Question

If 'S' is stress and 'Y' is Young's modulus of a wire material, then energy stored in the wire per unit volume is?
A. $\dfrac{{{S^2}}}{{2Y}}$
B. $\dfrac{{2Y}}{{{S^2}}}$
C. $\dfrac{S}{{2Y}}$
D. $2{S^2}Y$

Answer 1

Hint: When we apply force to stretch or to compress a particular material there will be change in length of that material. That change can happen along the direction of applied force or perpendicular to the direction of applied force or length might change in three dimensions due to that application of force.

Complete answer:
When a force is applied on the given cross section area then it will produce the stress which is given by the ratio of force applied to the cross-section area. Due to the application of force the ratio of change in length to the original length is called strain. The ratio of stress and strain is called as young’s modulus which is denoted by ${\text{Y}}$
Now when we apply force in one direction then length will change along that direction and will also change along perpendicular direction. So strain will be created in both directions. The perpendicular strain is called lateral strain and the parallel strain to the direction of application of force is called longitudinal strain.
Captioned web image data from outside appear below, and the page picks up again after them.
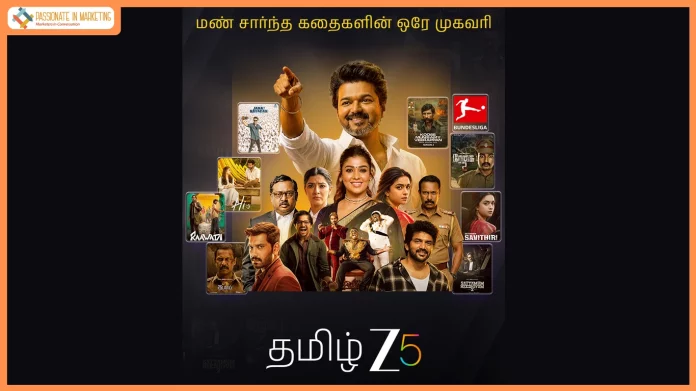Big Stars. Bigger Stories. Tamil Zee 5 Brings Its Boldest Slate Yet
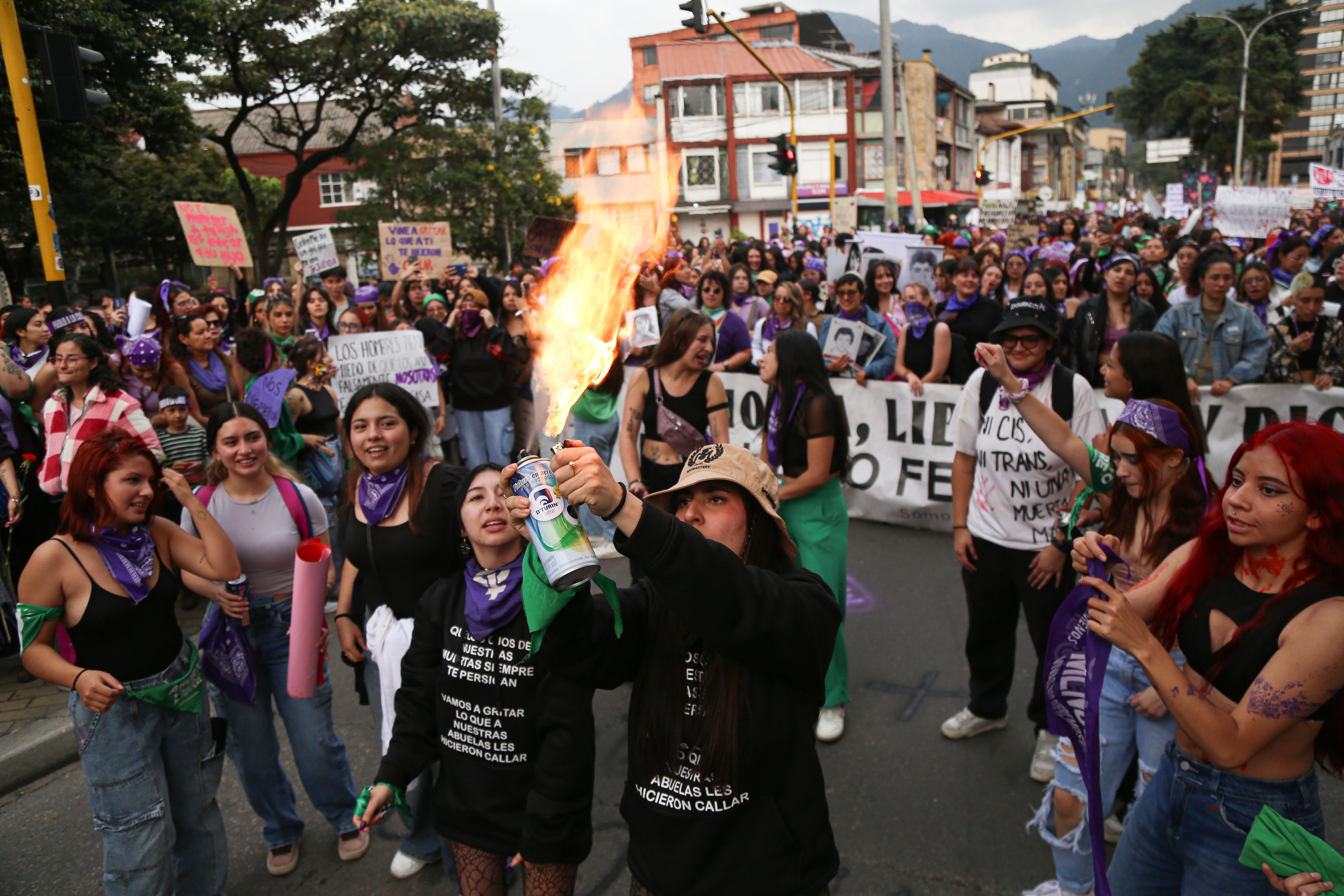 Las organizaciones feministas hicieron un llamado a las candidaturas presidenciales para incluir políticas de igualdad en sus programas de gobierno. Créditos: Colprensa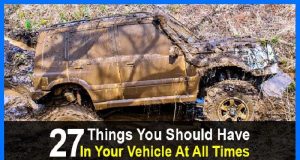 27 Things You Should Have In Your Vehicle At All Times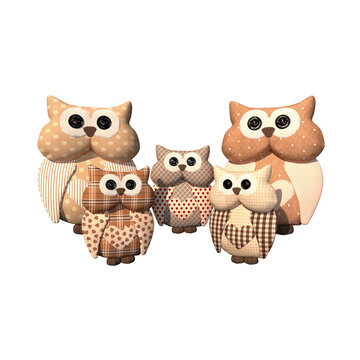 owl dolls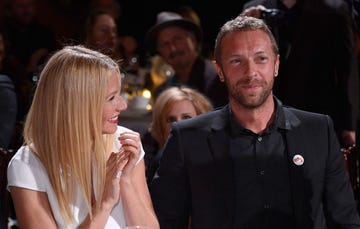 Gwyneth Paltrow and Chris Martin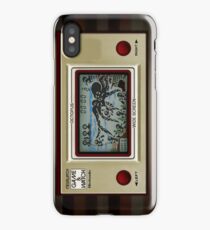 Game&Watch Octopus iPhone Case
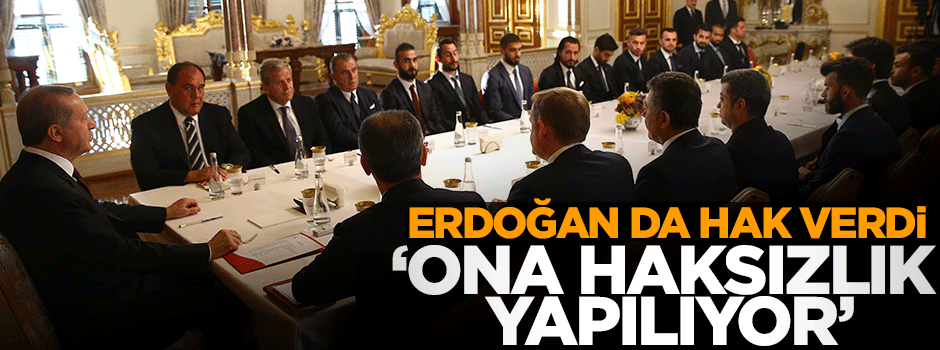 Kaptanlardan Emre'ye destek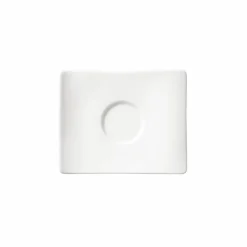 Geschirr|Villeroy & Boch Untertasse New Wave 11,5 x 14 cm Weiß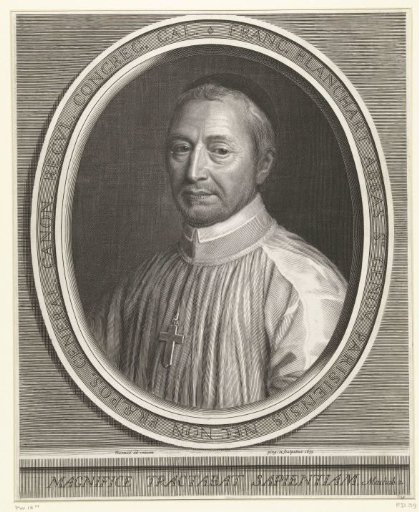 Portrait of François Blanchart
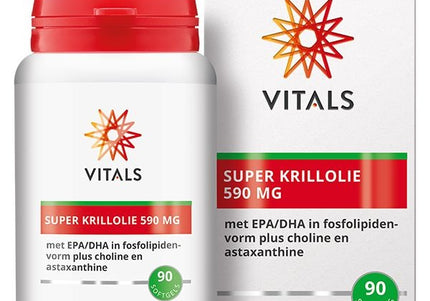 Vitals Super krillolie 590mg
The ratio of lateral to the longitudinal strain is called the poisson's ratio and denoted by $\eta $.
Here we will consider only about longitudinal strain.
The ratio of stress and strain is called young’s modulus.
Due to longitudinal stress the potential energy stored per unit volume in the wire will be
$\eqalign{
  & U = \dfrac{1}{2}\left( {{\text{stress}}} \right)\left( {{\text{strain}}} \right) \cr
  & \Rightarrow {\text{stress/strain = Y}} \cr
  & \Rightarrow U = \dfrac{1}{2}\left( {{\text{stress}}} \right)\left( {\dfrac{{{\text{stress}}}}{Y}} \right) \cr
  & \Rightarrow U = \dfrac{{{{\left( {{\text{stress}}} \right)}^2}}}{{2Y}} \cr
  & \therefore U = \dfrac{{{S^2}}}{{2Y}} \cr} $

Hence option A will be the answer.

Note:
Due to application of force there will be lateral strain too. But in this derivation we are not considering it. We can assume this as a normal spring which is elongated. When the spring is elongated energy will be stored in it. We don’t consider lateral elongation of spring over there. This is exactly like that.